Fridays on Isabel: Black Market StP brings its barbecue to the people

Black Market StP’s silver smoker is a fixture on Isabel Street in St. Paul West Side neighborhood // Photo by Tj Turner

A large silver barbecue smoker is parked on the 200 block of Isabel Street on St. Paul’s West Side. It’s a neighborhood fixture. Pull up Google Maps and you’ll see it in the satellite photos. Every week, Robert Lorch-Benysek and his wife, Jill Moeller, load it with black cherry wood and stuff the racks full of ribs and shoulders.

Friday afternoons, they set up a table near the sidewalk. They wrap the baby backs in butcher paper. They put some extra pork shoulder in the baked beans. And then, at 5 o’clock, their neighbors come over for dinner.

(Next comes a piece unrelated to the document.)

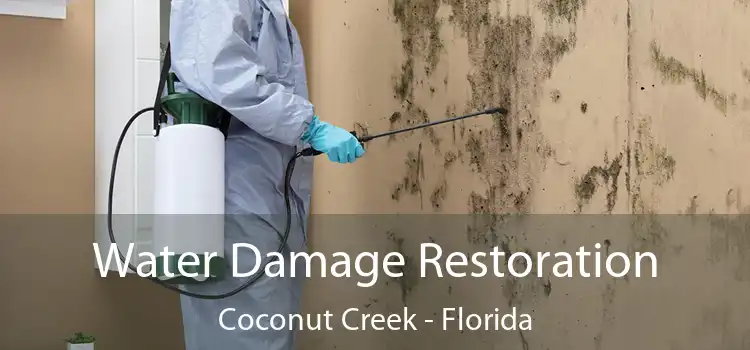 Water Damage Restoration Coconut Creek - Florida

Black Market StP is not a restaurant, and it’s barely even a business. Instead, this weekly scene is the continuation of a treasured St. Paul barbecue legacy, a point of pride for the West Side, and, almost incidentally, it serves what is arguably the best smoked meat in the Twin Cities.

“Barbecue is not about money,” Robert says. “It’s about people.”

Robert has always been feeding people. He moved to Lowertown St. Paul in the early ‘90s working, as he still does, as both a chef and a contractor. “When I was at Fuji Ya, I was tending block, pouring concrete, and then did sushi at night,” Robert says. “That’s been my whole life. I can’t not do both.” He made peach miele millefeuille for his starving artist friends in Lowertown. He cooked under Lenny Russo at W.A. Frost and Alexander Dixon at Zander Cafe.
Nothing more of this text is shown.